Work task:
Take every line from the records below that includes the word "with".

(Records provided begins)

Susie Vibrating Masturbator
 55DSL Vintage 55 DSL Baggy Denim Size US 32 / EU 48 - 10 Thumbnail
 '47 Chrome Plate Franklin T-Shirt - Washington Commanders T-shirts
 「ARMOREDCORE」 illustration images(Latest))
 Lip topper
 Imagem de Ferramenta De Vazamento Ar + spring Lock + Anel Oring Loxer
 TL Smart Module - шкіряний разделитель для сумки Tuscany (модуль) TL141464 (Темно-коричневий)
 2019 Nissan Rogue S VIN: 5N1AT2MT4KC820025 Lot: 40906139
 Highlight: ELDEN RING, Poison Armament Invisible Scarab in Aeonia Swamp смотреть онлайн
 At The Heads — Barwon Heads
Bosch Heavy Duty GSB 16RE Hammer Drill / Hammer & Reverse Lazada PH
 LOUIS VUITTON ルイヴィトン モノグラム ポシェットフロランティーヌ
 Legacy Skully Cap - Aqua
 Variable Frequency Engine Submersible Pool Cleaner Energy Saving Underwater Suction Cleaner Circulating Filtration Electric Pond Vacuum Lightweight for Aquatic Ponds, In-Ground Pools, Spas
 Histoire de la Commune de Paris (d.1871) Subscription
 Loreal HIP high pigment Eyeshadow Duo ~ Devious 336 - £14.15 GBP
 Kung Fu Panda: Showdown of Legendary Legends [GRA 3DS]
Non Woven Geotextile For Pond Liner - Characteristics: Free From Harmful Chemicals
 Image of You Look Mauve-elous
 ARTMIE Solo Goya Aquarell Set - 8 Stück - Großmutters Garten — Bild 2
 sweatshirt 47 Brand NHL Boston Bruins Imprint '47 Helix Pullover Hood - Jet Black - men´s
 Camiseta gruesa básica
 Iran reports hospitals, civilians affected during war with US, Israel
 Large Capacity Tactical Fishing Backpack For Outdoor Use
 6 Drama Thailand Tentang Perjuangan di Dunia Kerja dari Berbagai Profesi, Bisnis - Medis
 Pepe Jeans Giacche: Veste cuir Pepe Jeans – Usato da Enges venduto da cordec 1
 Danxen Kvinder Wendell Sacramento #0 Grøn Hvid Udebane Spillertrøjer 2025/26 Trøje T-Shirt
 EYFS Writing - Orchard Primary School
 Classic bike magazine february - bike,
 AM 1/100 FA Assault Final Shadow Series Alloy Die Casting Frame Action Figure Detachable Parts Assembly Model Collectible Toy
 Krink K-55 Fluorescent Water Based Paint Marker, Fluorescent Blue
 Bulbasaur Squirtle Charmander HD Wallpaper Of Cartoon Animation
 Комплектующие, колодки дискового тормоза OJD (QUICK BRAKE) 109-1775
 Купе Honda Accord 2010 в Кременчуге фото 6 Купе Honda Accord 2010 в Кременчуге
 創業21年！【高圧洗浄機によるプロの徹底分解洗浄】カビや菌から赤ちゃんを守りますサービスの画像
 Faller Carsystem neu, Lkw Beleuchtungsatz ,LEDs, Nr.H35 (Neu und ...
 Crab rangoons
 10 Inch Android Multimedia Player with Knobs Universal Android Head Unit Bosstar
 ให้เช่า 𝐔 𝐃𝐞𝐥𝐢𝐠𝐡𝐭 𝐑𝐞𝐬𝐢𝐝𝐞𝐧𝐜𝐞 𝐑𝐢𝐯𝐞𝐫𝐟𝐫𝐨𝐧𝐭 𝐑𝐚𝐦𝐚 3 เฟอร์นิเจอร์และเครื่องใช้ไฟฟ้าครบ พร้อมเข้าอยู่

(Records provided ends)

Task output:
 Iran reports hospitals, civilians affected during war with US, Israel
 10 Inch Android Multimedia Player with Knobs Universal Android Head Unit Bosstar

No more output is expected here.